Matthew Henry (P1-V10) Commentary
Here Solomon gives another general rule to young people, in order to their finding out, and keeping in, the paths of wisdom, and that is to take heed of the snare of bad company. David’s psalms begin with this caution, and so do Solomon’s proverbs; for nothing is more destructive, both to a lively devotion and to a regular conversation (v. 10): “My son, whom I love, and have a tender concern for, if sinners entice thee, consent thou not.’ This is good advice for parents to give their children when they send them abroad into the world; it is the same that St. Peter gave to his new converts, (Acts 2:40), Save yourselves from this untoward generation. Observe,

  • 1. How industrious wicked people are to seduce others into the paths of the destroyer: they will entice. Sinners love company in sin; the angels that fell were tempters almost as soon as they were sinners. They do not threaten or argue, but entice with flattery and fair speech; with a bait they draw the unwary young man to the hook. But they mistake if they think that by bringing others to partake with them in their guilt, and to be bound, as it were, in the bond with them, they shall have the less to pay themselves; for they will have so much the more to answer for.
  • 2. How cautious young people should be that they be not seduced by them: “Consent thou not; and then, though they entice thee, they cannot force thee. Do not say as they say, nor do as they do or would have thee to do; have no fellowship with them.’ To enforce this caution,
    • I. He represents the fallacious reasonings which sinners use in their enticements, and the arts of wheedling which they have for the beguiling of unstable souls.
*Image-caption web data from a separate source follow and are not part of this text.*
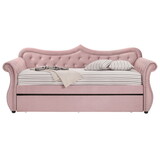Pink Upholstered Twin Daybed with Trundle B062S00452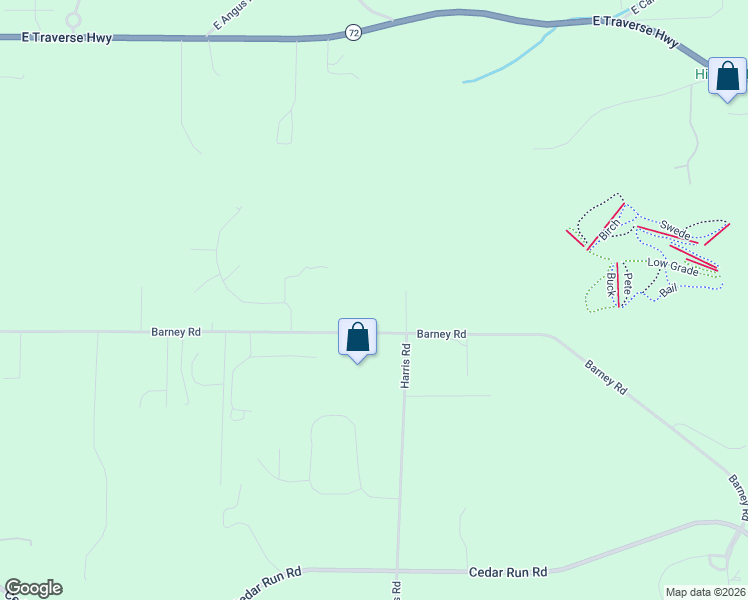 map of restaurants, bars, coffee shops, grocery stores, and more near 5000-5244 Barney Road in Traverse City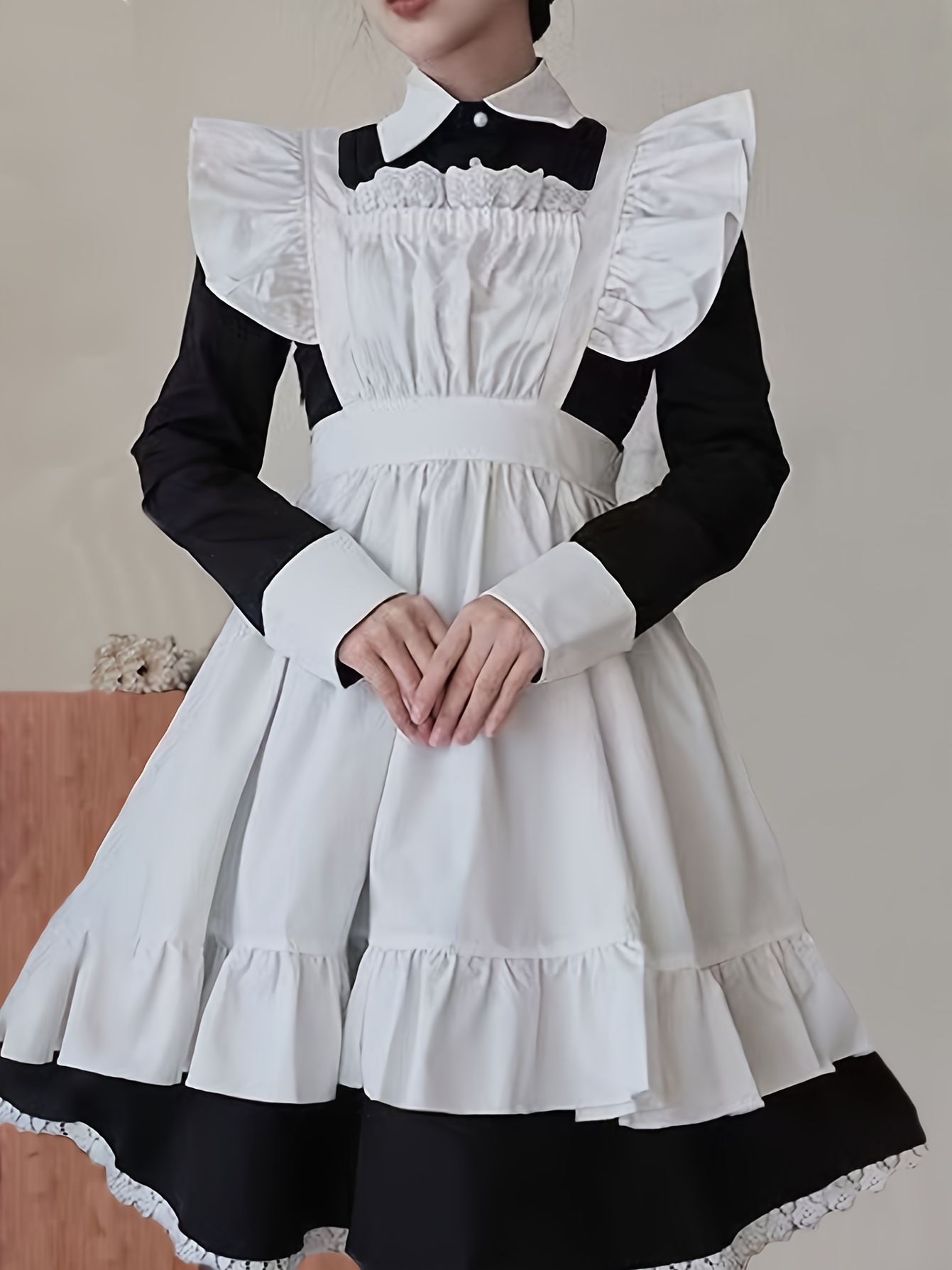 knee length dresses for ladies Black/Red Maid Long Sleeves Ruffle Bowknot Gothic Lolita Dress Full S –  LolitaInside main image 1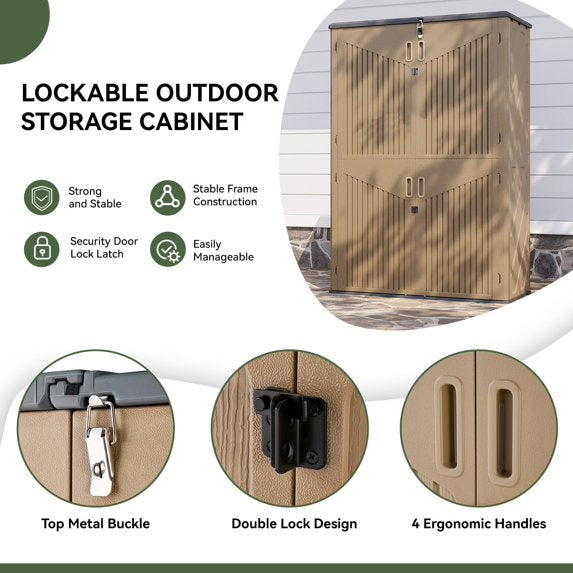 Aoxun Outdoor Resin Storage Shed with Metal Shelving Kit & Floor, 64 Cu.Ft Vertical Waterproof Storage Cabinet for Garage Storage, Pool Storage, Bike Shed, Garden Tools, Patio Furniture (Brown)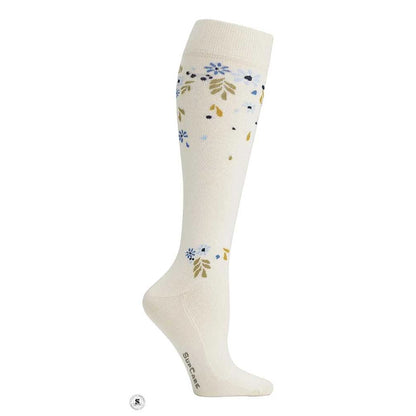 Stödstrumpor, Eco Cotton, Flower Shower Off White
He specifies highwaymen, who do what they can to draw others into their gang, v. 11-14. See here what they would have the young man to do: “Come with us (v. 11); let us have thy company.’ At first they pretend to ask no more; but the courtship rises higher (v. 14): “Cast in thy lot among us; come in partner with us, join thy force to ours, and let us resolve to live and die together: thou shalt fare as we fare; and let us all have one purse, that what we get together we may spend merrily together,’ for that is it they aim at. Two unreasonable insatiable lusts they propose to themselves the gratification of, and therewith entice their pray into the snare:-
      • 1. Their cruelty. They thirst after blood, and hate those that are innocent and never gave them any provocation, because by their honesty and industry they shame and condemn them: “Let us therefore lay wait for their blood, and lurk privily for them; they are conscious to themselves of no crime and consequently apprehensive of no danger, but travel unarmed; therefore we shall make the more easy prey of them. And, O how sweet it will be to swallow them up alive!’ v. 12. These bloody men would do this as greedily as the hungry lion devours the lamb. If it be objected, “The remains of the murdered will betray the murderers;’ they answer, “No danger of that; we will swallow them whole as those that are buried.’ Who could imagine that human nature should degenerate so far that it should ever be a pleasure to one man to destroy another!
      • 2. Their covetousness. They hope to get a good booty by it (v. 13): “We shall find all precious substance by following this trade. What though we venture our necks by it? we shall fill our houses with spoil.’ See here,
        • (1.) The idea they have of worldly wealth. They call it precious substance; whereas it is neither substance nor precious; it is a shadow; it is vanity, especially that which is got by robbery, Ps. 62:10. It is as that which is not, which will give a man no solid satisfaction. It is cheap, it is common, yet, in their account, it is precious, and therefore they will hazard their lives, and perhaps their souls, in pursuit of it. It is the ruining mistake of thousands that they over-value the wealth of this world and look on it as precious substance.
        • (2.) The abundance of it which they promise themselves: We shall fill our houses with it. Those who trade with sin promise themselves mighty bargains, and that it will turn to a vast account (All this will I give thee, says the tempter); but they only dream that they eat; the housefuls dwindle into scarcely a handful, like the grass on the house-tops.